Éxécution provisoire contre Marine Le Pen : qu'est-ce que c'est ? Pourquoi a-t-elle été prononcée ?

Éxécution provisoire contre Marine Le Pen : qu'est-ce que c'est ? Pourquoi a-t-elle été prononcée ? La peine d'inéligibilité de Marine Le Pen a été prononcée par le tribunal, avec exécution provisoire. Explications sur une mesure technique qui change tout pour le RN.

C'est une expression juridique qui était jusque-là très confidentielle, mais l'actualité lui confère un éclairage si important qu'elle devrait intégrer le vocabulaire de la vie politique pour longtemps. "Exécution provisoire." Cette expression désigne une décision accessoire prononcée par un tribunal de première instance, actant immédiatement l'exécution du jugement rendu, malgré les recours que le condamné aurait engagés.
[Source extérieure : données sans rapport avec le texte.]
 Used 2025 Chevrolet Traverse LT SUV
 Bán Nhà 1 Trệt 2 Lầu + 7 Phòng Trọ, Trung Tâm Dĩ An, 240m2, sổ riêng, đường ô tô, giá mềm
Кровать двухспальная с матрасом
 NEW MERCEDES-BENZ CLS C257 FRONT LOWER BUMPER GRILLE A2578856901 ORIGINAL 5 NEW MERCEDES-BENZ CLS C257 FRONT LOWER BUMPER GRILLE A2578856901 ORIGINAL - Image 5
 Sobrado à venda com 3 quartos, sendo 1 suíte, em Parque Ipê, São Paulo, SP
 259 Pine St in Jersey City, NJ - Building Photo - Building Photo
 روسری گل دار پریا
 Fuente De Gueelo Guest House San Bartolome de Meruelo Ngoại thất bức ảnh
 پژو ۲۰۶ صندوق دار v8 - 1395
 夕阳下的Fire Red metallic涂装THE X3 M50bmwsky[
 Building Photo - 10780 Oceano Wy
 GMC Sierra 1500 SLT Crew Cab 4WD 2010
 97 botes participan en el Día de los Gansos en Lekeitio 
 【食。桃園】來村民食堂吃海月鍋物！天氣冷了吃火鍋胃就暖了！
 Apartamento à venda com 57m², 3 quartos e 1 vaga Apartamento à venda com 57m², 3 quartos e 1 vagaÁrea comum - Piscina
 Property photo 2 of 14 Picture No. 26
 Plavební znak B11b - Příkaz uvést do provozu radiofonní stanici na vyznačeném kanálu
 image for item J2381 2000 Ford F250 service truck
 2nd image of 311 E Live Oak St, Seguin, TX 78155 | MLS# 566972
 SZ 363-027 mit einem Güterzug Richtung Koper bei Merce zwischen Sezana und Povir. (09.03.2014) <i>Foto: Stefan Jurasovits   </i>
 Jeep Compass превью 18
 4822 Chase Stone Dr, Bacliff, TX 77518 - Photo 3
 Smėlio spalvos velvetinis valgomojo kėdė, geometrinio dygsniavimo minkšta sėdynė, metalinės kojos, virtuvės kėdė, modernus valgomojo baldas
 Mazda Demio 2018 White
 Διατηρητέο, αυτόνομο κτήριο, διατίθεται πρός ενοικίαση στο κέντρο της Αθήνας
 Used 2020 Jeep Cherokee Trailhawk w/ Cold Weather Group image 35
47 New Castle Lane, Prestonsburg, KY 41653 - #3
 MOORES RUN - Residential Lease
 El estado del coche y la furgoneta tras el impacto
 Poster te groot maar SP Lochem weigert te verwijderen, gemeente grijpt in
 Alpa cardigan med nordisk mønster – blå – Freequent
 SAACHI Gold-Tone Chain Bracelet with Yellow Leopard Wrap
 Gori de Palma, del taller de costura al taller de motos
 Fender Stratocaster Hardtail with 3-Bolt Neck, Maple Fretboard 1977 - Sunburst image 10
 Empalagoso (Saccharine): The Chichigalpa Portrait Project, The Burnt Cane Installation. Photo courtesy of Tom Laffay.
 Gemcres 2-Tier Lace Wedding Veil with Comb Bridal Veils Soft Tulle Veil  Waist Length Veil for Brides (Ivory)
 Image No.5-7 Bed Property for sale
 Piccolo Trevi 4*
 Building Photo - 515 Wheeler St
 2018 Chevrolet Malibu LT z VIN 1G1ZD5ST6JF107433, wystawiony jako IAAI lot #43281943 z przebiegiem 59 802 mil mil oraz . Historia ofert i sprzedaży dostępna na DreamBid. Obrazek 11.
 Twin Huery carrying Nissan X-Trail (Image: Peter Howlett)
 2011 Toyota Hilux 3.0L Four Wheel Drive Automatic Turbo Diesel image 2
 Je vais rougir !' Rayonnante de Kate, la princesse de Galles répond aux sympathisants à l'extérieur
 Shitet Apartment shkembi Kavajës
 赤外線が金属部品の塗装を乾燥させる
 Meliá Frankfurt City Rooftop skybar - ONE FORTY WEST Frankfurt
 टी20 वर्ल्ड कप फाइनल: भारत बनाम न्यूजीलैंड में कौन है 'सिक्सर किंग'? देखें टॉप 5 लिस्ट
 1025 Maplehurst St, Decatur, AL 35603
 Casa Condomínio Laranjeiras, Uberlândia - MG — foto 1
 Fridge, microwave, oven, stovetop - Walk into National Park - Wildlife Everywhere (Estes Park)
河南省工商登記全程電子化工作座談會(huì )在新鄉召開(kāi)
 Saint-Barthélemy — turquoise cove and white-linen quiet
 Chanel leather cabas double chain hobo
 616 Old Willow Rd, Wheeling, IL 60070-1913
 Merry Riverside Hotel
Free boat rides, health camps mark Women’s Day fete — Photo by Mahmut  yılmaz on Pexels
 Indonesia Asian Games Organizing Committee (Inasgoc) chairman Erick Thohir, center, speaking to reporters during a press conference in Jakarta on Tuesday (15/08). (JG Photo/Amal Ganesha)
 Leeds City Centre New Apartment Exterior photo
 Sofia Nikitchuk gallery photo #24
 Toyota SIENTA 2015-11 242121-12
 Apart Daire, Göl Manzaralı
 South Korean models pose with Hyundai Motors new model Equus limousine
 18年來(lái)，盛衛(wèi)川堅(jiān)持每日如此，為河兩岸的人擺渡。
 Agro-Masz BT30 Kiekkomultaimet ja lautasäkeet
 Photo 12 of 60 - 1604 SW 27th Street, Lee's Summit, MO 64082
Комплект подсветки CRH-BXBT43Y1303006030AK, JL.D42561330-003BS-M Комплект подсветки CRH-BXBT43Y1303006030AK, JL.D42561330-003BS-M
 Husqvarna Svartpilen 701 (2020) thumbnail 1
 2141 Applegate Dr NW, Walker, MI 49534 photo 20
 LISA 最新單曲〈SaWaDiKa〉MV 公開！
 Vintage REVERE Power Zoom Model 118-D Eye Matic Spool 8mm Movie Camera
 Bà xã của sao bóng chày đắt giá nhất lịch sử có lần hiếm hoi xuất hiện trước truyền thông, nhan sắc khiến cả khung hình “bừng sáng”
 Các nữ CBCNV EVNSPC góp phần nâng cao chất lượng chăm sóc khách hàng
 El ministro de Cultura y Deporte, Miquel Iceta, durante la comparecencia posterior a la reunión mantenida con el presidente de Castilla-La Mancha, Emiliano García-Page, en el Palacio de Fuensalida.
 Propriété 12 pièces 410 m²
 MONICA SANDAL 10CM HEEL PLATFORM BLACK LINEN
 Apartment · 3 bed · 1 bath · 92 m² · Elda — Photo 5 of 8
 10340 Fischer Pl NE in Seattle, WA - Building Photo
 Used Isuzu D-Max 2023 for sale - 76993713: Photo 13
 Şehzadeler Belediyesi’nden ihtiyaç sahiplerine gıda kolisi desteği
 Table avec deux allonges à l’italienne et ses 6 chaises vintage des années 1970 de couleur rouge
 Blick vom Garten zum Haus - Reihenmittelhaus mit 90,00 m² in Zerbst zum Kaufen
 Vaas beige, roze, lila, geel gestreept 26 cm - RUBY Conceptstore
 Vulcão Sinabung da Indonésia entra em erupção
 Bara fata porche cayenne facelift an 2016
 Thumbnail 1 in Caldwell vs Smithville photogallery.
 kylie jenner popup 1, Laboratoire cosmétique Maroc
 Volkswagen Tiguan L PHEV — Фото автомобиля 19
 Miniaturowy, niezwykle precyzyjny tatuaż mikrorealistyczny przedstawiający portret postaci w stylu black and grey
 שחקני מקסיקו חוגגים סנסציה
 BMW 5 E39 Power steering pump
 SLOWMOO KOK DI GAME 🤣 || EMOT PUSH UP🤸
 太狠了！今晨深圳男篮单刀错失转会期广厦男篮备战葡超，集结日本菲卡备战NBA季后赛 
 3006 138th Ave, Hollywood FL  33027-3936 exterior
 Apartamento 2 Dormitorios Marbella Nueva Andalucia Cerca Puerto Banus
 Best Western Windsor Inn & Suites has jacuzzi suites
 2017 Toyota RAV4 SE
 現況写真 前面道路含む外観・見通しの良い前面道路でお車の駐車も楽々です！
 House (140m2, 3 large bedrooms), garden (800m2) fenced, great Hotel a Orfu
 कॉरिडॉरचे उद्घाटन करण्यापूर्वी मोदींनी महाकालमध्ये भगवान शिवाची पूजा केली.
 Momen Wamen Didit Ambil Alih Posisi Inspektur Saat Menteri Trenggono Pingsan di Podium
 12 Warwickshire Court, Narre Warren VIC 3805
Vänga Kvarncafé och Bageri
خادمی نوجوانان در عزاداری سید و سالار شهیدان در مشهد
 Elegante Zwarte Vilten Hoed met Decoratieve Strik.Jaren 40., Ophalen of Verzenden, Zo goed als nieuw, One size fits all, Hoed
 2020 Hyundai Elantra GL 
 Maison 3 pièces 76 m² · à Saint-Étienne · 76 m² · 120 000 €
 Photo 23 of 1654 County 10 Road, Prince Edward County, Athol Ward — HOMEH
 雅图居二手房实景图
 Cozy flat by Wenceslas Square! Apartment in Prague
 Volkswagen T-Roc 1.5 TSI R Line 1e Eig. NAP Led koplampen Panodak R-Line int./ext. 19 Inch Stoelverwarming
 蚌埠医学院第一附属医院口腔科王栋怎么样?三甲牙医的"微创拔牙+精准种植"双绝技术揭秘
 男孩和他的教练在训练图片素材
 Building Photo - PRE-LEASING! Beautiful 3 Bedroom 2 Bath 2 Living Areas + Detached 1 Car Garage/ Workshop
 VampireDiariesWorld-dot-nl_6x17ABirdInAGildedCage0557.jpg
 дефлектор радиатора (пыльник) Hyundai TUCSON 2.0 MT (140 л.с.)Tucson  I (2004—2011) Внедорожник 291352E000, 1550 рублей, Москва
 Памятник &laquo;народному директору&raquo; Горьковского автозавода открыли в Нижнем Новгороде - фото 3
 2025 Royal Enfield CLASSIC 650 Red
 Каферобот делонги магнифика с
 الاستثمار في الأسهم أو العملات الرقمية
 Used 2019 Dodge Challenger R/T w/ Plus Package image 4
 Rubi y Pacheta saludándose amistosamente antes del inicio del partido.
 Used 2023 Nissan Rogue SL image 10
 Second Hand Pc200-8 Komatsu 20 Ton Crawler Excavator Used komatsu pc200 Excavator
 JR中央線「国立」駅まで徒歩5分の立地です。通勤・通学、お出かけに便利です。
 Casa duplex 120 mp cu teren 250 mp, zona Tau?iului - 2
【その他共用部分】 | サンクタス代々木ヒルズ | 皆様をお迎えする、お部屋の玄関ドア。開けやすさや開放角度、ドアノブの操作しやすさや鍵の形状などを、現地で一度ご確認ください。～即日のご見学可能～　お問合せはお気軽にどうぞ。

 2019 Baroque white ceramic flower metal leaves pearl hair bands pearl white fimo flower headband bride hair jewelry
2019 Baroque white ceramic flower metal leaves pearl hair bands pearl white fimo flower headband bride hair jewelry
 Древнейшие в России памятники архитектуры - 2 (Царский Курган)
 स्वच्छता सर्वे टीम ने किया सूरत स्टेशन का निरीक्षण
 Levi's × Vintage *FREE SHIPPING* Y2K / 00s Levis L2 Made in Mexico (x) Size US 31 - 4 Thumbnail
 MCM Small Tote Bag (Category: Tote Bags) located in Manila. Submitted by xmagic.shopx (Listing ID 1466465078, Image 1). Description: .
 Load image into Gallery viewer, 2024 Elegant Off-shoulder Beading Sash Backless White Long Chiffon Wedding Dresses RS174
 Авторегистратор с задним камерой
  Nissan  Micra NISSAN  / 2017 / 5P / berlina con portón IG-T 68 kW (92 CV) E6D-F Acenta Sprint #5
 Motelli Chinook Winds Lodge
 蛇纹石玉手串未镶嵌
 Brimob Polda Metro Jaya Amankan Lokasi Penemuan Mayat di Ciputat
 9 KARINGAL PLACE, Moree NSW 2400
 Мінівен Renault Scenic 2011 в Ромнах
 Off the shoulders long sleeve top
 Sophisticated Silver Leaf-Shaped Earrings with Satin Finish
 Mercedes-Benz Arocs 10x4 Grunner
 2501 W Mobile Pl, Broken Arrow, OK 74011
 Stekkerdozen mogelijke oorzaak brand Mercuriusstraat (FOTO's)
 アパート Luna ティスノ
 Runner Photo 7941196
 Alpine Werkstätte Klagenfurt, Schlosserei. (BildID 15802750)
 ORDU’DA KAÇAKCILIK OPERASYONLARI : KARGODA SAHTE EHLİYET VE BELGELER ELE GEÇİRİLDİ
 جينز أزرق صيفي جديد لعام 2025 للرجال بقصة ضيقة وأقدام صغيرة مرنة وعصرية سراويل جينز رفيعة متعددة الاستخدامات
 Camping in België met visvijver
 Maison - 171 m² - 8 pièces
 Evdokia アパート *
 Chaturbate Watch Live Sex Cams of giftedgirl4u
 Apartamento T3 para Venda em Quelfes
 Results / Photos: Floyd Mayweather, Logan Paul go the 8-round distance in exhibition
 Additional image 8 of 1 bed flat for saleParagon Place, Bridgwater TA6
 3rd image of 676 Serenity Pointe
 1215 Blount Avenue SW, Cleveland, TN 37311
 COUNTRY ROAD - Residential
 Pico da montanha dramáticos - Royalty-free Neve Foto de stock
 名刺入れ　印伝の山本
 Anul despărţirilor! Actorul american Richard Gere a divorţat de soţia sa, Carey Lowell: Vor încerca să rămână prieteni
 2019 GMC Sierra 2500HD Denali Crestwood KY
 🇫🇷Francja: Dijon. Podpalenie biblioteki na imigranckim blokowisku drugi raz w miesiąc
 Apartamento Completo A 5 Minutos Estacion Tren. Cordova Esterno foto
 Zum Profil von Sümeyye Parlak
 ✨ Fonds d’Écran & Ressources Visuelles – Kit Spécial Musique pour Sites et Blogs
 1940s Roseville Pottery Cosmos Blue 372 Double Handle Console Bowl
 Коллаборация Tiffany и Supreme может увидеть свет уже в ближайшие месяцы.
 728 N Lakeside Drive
Dit autrement : même en cas d'appel, celui-ci ne suspend pas la condamnation prononcée avec exécution provisoire.

La peine d'inéligibilité de Marine Le Pen, reconnue coupable de détournement de fonds publics dans l'affaire des assistants parlementaires du Front national (devenu Rassemblement national, RN), lundi 31 mars, est assortie de cette exécution provisoire. L'ancienne présidente du parti d'extrême droite a aussi été condamnée à une peine de quatre ans d'emprisonnement dont deux ans ferme, aménageable avec un bracelet électronique et à 100 000 euros d'amende.

Dans le cas de Marine Le Pen, l'exécution provisoire de l'inéligibilité l'empêche de se porter candidate à l'élection présidentielle. Et les juges, qui ont sans doute bien mesuré l'impact politique qu'une telle décision engendrerait, ont pris soin de s'expliquer.

Dans son long jugement de 152 pages, la présidente du tribunal, Bénédicte de Perthuis, a estimé que le choix de prononcer l'exécution provisoire relevait d'une "délicate conciliation" avec le droit de faire appel. Elle avance toutefois un argument majeur qui a fait pencher la balance : le risque de "récidive" pour Marine Le Pen de procéder à des délits du même type. Pourquoi ? Parce que l'ancienne députée européenne comme les autres condamnés pour détournement de fonds publics "n'ont exprimé aucune prise de conscience de leur violation de la loi et de l'importance de la probité".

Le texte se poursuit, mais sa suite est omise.